The data:
[Start of section]

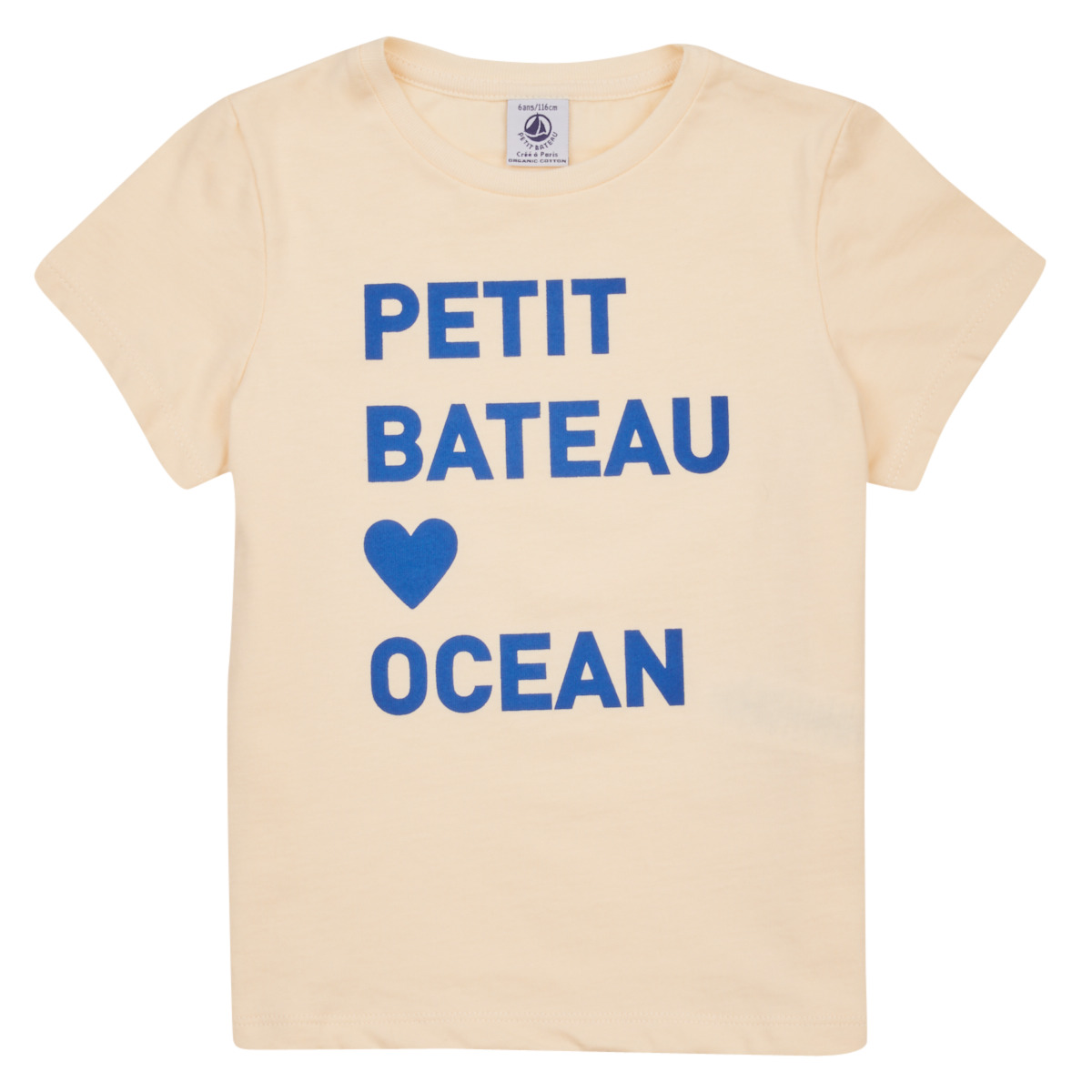 Textiel Meisjes T-shirts korte mouwen Petit Bateau FOUGUE Beige / Blauw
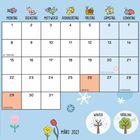 Kalender für März 2027, enthält internationale Feiertage. Illustrationen von Tieren und Pflanzen am Rand.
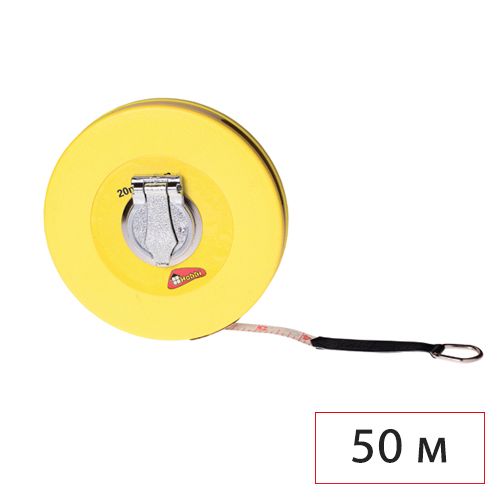 Мерная лента фиберглассовая Hobbi, длина 50 м, ширина 13 мм / Измерительный инструмент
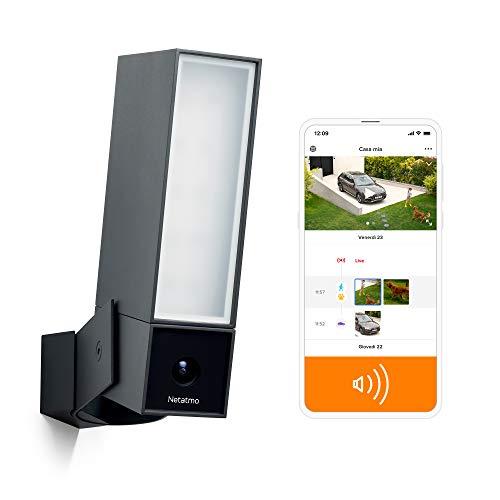 Netatmo Telecamera WIFI Esterna Intelligente con Sirena da 105 dB, Luce Integrata, Sensore di Movimento, Visione Notturna, Senza abbonamenti, Nero Intenso, NOC-S-IT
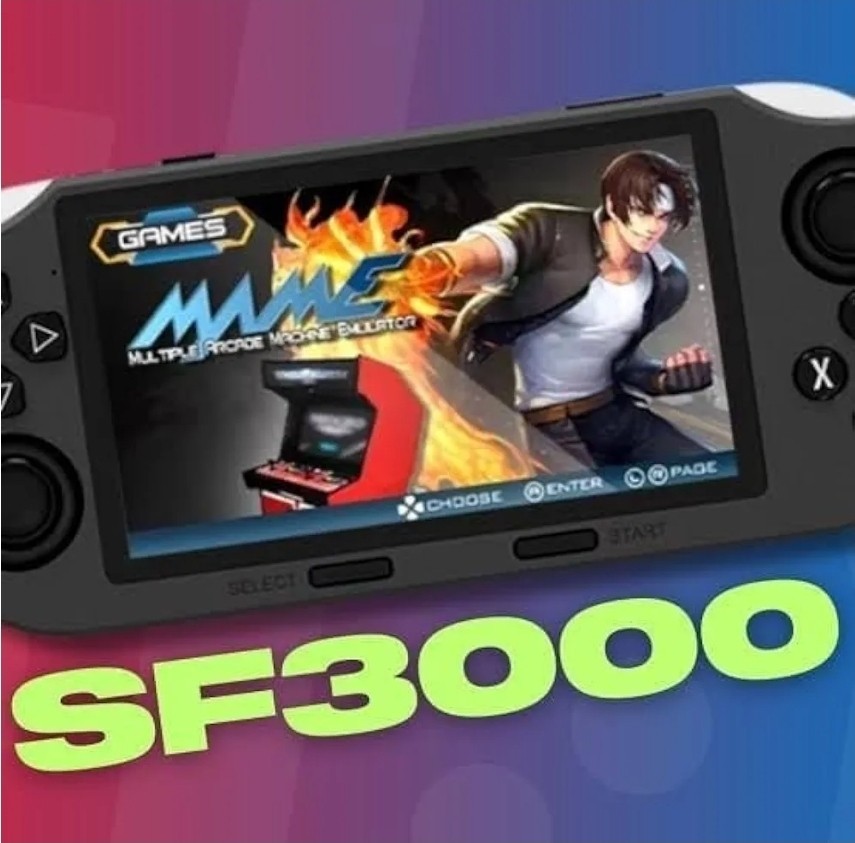 SF3000 Handheld Game Console 4.5in IPS Display, 20000+ Games, Gray/Black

[End of section]

What the exercise asks:
Repeat the listing word for word, omitting the pictures.

Solved exercise:
 Textiel Meisjes T-shirts korte mouwen Petit Bateau FOUGUE Beige / Blauw
 Kalender für März 2027, enthält internationale Feiertage. Illustrationen von Tieren und Pflanzen am Rand.
 Мерная лента фиберглассовая Hobbi, длина 50 м, ширина 13 мм / Измерительный инструмент
 Netatmo Telecamera WIFI Esterna Intelligente con Sirena da 105 dB, Luce Integrata, Sensore di Movimento, Visione Notturna, Senza abbonamenti, Nero Intenso, NOC-S-IT
 SF3000 Handheld Game Console 4.5in IPS Display, 20000+ Games, Gray/Black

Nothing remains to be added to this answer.